§ **PROMPT**
Go to the line that contains "Specifically, compute the". Restate that line and each one after it exactly, through the end of the records, without pictures.

BEGIN RECORDS PROVIDED

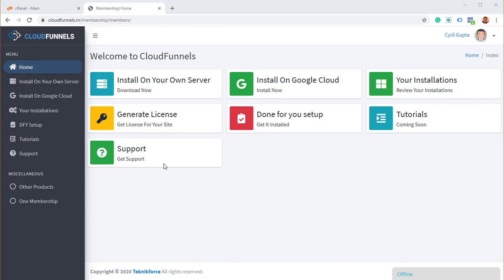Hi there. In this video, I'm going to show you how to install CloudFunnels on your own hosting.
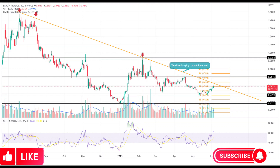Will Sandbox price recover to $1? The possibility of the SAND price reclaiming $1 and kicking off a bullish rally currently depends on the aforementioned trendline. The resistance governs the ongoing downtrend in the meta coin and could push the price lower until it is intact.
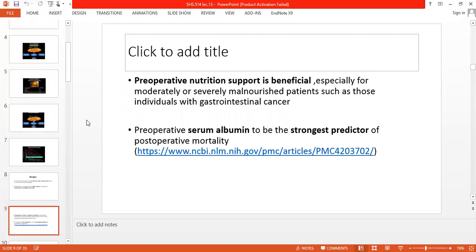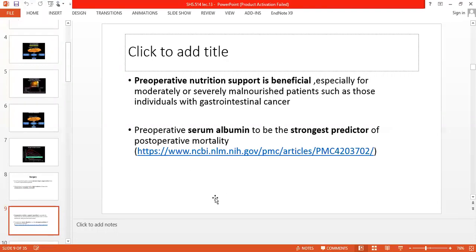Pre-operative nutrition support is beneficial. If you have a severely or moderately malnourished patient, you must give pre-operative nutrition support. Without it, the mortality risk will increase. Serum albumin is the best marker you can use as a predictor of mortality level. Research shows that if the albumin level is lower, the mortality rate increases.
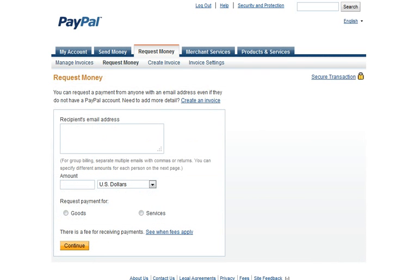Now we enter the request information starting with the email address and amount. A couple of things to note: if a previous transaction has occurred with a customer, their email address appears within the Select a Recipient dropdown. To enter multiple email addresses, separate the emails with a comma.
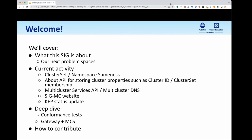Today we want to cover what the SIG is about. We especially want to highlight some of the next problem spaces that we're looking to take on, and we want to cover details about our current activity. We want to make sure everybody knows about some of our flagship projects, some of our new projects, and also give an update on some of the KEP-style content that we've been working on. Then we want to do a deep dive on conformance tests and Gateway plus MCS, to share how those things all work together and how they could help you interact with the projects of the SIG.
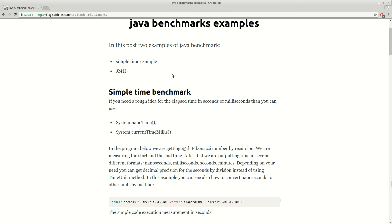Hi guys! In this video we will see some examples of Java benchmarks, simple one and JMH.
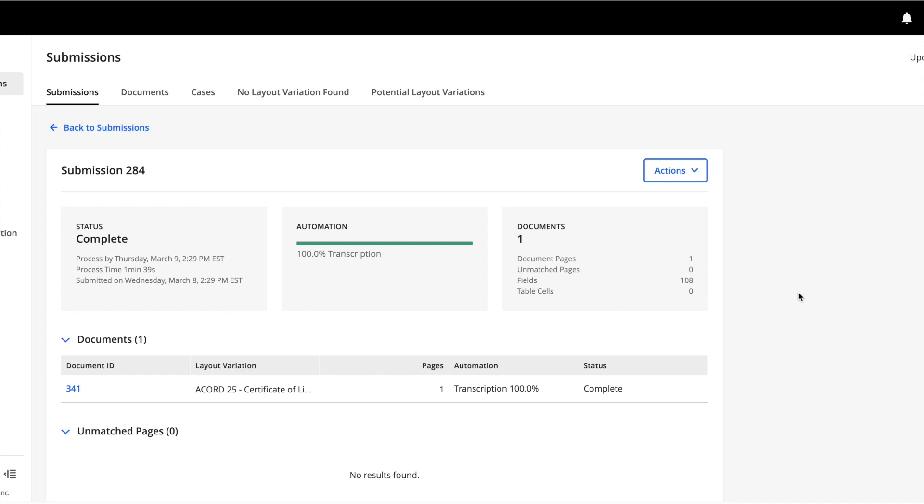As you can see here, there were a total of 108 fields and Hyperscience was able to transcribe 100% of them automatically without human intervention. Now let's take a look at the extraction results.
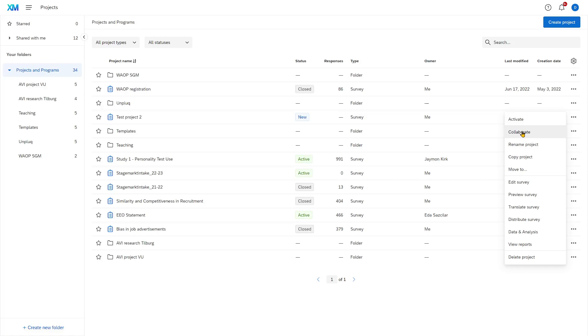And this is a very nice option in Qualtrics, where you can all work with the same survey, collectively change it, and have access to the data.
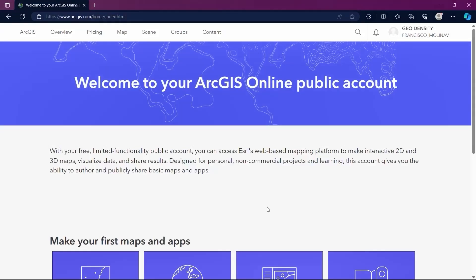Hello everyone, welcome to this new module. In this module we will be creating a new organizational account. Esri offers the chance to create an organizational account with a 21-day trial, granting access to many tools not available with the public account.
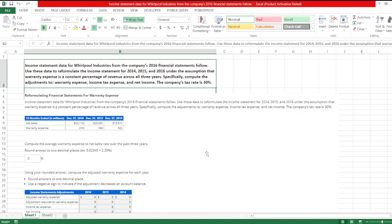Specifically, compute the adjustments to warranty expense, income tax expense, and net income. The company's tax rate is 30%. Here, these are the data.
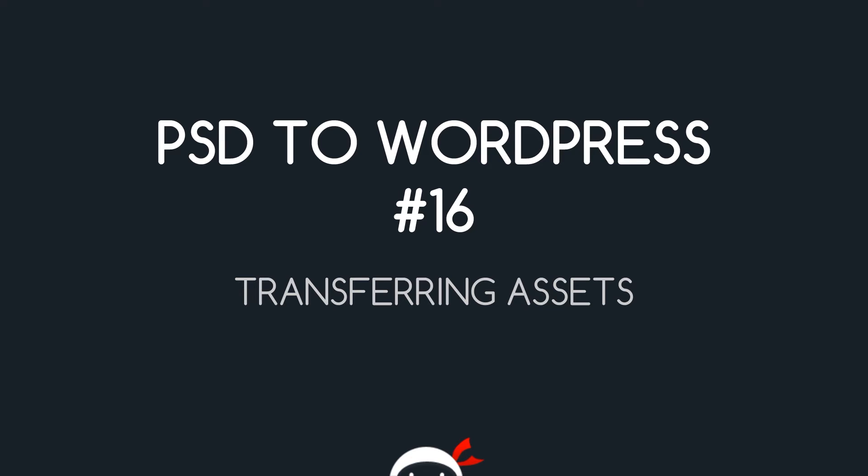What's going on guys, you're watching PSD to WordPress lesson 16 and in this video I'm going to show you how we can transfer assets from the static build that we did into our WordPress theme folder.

END RECORDS PROVIDED

§ **ANSWER AREA**
Specifically, compute the adjustments to warranty expense, income tax expense, and net income. The company's tax rate is 30%. Here, these are the data.
What's going on guys, you're watching PSD to WordPress lesson 16 and in this video I'm going to show you how we can transfer assets from the static build that we did into our WordPress theme folder.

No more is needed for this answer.